Dear community,
I’m taking care of a somewhat larger Icinga2 HA cluster that is basically running well and reliable but has serious performance issues in some areas.
The basic setup: Icinga 2.12.6 on Debian 10, 2 masters, 6 zones with 2 satellites in each. The masters are Dell machines with Intel Xeon Silver (16 cores + HT), 64GB RAM, HW-RAID and enterprise SSDs.
I use a traditional file-based config with:
- 10.000 hosts
- 100.000 services
- 140.000 notifications
- 30.000 dependencies
The most pressing issues I have are:
- reload time - reloading a changed config takes about 15 minutes(!) during which the config-master is 100% cpu busy on all cores and threads
- API performance - some users like to hit the API in suboptimal ways to set downtimes, re-schedule checks and fetch results, killing performance within seconds with all cores and threads about 60% cpu and 40% system busy.
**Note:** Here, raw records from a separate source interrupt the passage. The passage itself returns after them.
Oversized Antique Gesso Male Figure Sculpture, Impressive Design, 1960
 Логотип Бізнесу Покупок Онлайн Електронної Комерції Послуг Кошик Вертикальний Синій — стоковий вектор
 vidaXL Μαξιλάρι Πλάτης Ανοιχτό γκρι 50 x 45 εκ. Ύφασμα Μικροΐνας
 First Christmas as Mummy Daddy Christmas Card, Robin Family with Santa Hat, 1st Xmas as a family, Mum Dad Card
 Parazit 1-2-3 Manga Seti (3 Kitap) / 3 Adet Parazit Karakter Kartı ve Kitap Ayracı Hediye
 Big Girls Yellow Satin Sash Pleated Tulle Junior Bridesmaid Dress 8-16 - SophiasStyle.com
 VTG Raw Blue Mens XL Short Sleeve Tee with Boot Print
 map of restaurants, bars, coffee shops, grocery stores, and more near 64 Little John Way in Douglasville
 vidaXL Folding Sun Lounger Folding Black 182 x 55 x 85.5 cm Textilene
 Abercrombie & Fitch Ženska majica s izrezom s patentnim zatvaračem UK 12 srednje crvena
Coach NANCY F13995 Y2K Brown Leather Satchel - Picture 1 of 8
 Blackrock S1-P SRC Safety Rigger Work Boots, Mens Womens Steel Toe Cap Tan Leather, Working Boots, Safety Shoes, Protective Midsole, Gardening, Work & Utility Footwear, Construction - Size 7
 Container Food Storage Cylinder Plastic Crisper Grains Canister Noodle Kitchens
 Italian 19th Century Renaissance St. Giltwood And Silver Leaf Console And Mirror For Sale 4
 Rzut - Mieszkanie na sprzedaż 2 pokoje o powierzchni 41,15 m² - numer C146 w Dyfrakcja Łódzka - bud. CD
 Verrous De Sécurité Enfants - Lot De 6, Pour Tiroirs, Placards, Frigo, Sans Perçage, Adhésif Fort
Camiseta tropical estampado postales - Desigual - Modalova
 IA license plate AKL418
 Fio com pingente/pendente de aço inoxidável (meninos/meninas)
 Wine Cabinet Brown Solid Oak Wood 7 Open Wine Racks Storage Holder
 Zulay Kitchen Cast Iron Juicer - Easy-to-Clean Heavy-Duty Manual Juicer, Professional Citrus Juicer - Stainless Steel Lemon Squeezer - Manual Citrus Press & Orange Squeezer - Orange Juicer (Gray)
While the setup is not optimal with MySQL and Icingaweb2 running on the masters rather than on dedicated machines, there are no obvious bottlenecks, i.e. there’s not network congestion, no I/O-wait, and all CPU is consumed almost exclusively by Icinga2.
What I’d like to know:
What’s the reason for the looooong reload time? Is it just the huge number of objects or is it something else? Some users apply sophisticated loops over hosts’ custom vars to create service objects, could this be a problem? Is “one notification” equal to “one notification object” or is it possible to have something like a shared notification object for a number n of services?
The API replies to single & complex requests without any problems (e.g. “give me the state of all services”), but hit it with several simple requests in parallel (e.g. “give me the state of ‘host!service’”) and things go down the drain quickly. I looks like it might be some sort of lock congestion, but how do I find out and how can I solve this?
Thanks in advance for any hints.